# DATA FOR THE TASK
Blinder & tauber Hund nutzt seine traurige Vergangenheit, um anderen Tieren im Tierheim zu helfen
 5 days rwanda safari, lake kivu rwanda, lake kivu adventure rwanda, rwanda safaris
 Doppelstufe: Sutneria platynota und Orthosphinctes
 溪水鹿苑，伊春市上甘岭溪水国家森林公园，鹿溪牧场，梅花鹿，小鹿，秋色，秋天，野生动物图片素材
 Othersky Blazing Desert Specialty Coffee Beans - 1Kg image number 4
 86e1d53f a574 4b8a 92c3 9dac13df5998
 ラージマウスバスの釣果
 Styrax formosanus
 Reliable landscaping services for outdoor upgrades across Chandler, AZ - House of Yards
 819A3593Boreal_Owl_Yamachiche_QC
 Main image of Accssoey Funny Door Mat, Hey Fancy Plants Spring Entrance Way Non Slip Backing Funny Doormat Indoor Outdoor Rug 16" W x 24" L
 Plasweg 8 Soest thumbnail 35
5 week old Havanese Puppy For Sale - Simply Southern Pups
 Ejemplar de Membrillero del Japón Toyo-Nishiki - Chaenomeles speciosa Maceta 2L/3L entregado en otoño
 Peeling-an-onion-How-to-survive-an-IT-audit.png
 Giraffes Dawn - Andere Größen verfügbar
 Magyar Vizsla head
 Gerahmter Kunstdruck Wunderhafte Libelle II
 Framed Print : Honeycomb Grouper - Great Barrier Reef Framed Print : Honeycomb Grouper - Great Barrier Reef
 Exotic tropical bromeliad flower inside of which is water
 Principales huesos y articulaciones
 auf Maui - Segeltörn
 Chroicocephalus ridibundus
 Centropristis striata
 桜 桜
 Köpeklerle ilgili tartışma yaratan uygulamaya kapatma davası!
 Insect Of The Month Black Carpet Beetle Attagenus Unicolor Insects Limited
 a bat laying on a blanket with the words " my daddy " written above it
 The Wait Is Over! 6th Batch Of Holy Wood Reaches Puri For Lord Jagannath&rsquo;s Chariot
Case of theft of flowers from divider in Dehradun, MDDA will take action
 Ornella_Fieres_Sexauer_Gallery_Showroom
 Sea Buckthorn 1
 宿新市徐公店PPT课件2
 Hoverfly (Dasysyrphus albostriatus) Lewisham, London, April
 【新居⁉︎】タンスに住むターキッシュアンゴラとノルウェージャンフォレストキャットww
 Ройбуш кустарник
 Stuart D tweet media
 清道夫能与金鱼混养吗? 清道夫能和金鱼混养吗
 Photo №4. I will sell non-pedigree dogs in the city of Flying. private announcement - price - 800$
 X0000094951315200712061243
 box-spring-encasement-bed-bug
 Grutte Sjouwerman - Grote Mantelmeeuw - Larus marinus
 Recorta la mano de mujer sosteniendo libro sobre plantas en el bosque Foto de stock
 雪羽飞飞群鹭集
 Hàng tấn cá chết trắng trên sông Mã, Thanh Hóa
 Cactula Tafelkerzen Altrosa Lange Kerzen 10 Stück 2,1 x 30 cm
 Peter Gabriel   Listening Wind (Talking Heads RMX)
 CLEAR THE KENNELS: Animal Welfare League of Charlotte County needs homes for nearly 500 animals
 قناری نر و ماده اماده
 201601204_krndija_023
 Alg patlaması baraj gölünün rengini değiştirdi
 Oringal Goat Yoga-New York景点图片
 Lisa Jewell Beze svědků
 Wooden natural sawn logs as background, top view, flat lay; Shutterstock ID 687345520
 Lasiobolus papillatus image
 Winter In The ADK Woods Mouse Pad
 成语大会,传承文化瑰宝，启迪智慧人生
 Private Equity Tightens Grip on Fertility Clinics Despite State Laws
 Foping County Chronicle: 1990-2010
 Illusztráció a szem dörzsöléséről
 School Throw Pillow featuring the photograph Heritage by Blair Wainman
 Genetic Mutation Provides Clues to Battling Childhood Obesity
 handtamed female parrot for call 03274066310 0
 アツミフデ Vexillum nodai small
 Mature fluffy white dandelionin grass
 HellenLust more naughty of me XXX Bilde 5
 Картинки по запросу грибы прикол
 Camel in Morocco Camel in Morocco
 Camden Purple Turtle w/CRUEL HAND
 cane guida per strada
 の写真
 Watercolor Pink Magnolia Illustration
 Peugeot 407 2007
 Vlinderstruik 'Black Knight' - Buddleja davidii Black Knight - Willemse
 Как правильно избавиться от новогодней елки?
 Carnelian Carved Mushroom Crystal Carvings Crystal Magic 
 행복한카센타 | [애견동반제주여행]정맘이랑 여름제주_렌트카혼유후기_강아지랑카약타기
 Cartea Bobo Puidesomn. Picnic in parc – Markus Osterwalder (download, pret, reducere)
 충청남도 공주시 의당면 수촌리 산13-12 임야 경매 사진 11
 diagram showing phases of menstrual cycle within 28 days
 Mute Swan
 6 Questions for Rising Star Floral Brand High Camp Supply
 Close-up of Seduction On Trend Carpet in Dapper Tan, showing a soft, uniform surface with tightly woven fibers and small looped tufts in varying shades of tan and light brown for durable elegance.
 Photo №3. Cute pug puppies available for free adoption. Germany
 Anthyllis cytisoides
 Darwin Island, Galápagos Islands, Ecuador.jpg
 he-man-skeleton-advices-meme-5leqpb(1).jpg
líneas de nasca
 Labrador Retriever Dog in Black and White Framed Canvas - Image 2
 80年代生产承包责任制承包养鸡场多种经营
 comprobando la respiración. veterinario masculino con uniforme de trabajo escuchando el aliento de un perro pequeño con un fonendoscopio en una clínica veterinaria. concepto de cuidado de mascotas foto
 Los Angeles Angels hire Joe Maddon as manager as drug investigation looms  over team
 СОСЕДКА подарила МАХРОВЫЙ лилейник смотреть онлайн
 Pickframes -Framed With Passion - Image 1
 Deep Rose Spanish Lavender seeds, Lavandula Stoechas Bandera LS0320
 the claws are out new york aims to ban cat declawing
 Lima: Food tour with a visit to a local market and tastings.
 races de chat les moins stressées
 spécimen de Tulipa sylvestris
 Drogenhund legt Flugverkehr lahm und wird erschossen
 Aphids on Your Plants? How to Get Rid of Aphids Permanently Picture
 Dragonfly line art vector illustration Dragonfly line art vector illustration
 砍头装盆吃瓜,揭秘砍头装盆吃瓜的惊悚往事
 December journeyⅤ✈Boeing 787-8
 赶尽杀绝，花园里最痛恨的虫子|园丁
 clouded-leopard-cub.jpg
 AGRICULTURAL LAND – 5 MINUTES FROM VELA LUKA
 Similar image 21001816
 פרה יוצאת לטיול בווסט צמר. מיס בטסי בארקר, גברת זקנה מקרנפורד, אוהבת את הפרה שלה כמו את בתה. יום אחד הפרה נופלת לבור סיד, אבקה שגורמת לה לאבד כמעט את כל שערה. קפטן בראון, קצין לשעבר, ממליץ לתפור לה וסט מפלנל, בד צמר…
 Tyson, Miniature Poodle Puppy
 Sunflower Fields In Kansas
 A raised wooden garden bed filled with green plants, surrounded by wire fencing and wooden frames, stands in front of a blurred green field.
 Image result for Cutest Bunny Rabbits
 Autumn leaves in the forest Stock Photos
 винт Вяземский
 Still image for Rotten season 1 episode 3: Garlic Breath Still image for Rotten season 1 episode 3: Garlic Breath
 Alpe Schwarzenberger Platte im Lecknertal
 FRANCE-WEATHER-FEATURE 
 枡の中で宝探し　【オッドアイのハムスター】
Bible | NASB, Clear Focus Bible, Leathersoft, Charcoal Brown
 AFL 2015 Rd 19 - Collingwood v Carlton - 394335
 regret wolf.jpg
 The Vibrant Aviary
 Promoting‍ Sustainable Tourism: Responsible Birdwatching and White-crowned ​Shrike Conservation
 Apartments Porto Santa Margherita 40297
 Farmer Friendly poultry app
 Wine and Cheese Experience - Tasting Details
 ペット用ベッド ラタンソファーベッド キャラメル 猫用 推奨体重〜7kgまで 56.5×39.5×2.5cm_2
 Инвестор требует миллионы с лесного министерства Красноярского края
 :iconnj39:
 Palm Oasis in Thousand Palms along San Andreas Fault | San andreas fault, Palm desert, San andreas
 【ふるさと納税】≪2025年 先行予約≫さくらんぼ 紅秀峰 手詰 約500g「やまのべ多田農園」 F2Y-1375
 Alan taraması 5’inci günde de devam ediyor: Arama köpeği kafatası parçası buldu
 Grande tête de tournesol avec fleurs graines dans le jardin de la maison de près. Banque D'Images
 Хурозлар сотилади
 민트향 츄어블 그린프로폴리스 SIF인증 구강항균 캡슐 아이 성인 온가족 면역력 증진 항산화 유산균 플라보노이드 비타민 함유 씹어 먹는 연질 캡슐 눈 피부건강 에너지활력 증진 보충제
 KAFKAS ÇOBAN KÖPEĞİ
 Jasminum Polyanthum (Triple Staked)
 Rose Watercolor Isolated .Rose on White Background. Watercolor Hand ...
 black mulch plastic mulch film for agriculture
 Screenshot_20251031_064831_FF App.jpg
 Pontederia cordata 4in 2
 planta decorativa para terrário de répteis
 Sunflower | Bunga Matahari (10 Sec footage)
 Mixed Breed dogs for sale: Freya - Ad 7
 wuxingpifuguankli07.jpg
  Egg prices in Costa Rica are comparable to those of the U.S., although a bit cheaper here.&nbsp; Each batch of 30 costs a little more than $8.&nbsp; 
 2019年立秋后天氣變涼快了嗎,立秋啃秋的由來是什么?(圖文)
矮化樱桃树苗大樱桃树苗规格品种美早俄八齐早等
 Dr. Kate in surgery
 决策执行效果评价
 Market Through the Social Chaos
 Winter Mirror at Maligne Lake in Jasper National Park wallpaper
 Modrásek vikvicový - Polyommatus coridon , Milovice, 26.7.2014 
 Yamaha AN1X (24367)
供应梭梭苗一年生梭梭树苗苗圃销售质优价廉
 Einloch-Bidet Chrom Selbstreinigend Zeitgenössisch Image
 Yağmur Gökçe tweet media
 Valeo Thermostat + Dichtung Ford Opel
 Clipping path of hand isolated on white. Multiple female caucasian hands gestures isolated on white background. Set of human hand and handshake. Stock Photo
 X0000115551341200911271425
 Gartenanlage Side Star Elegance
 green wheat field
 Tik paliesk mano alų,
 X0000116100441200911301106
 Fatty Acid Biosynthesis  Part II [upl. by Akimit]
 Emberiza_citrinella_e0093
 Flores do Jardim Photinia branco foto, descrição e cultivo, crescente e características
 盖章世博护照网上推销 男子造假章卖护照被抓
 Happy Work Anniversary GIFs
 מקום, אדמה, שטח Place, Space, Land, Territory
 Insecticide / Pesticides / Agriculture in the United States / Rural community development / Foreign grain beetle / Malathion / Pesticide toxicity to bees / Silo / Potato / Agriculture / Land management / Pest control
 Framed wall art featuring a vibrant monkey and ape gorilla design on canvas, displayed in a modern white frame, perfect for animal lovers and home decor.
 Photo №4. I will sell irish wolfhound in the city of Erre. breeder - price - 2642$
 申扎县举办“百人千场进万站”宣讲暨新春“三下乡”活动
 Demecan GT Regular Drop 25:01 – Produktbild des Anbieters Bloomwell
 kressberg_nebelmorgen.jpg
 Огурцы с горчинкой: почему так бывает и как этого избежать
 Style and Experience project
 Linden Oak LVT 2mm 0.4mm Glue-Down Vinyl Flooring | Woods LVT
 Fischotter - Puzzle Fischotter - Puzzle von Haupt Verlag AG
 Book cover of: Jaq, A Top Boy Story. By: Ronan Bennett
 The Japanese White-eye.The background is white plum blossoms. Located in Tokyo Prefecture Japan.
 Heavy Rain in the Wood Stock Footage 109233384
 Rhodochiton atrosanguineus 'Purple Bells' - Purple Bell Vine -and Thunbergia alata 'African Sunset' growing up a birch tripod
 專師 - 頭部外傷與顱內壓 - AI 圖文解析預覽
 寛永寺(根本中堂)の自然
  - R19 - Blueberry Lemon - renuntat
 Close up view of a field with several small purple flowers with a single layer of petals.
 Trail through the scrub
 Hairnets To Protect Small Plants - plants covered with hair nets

# WORK TO BE COMPLETED
When a line in the material above includes "Puppy", report that line by copying it.

# EXERCISE RESULT
5 week old Havanese Puppy For Sale - Simply Southern Pups
 Tyson, Miniature Poodle Puppy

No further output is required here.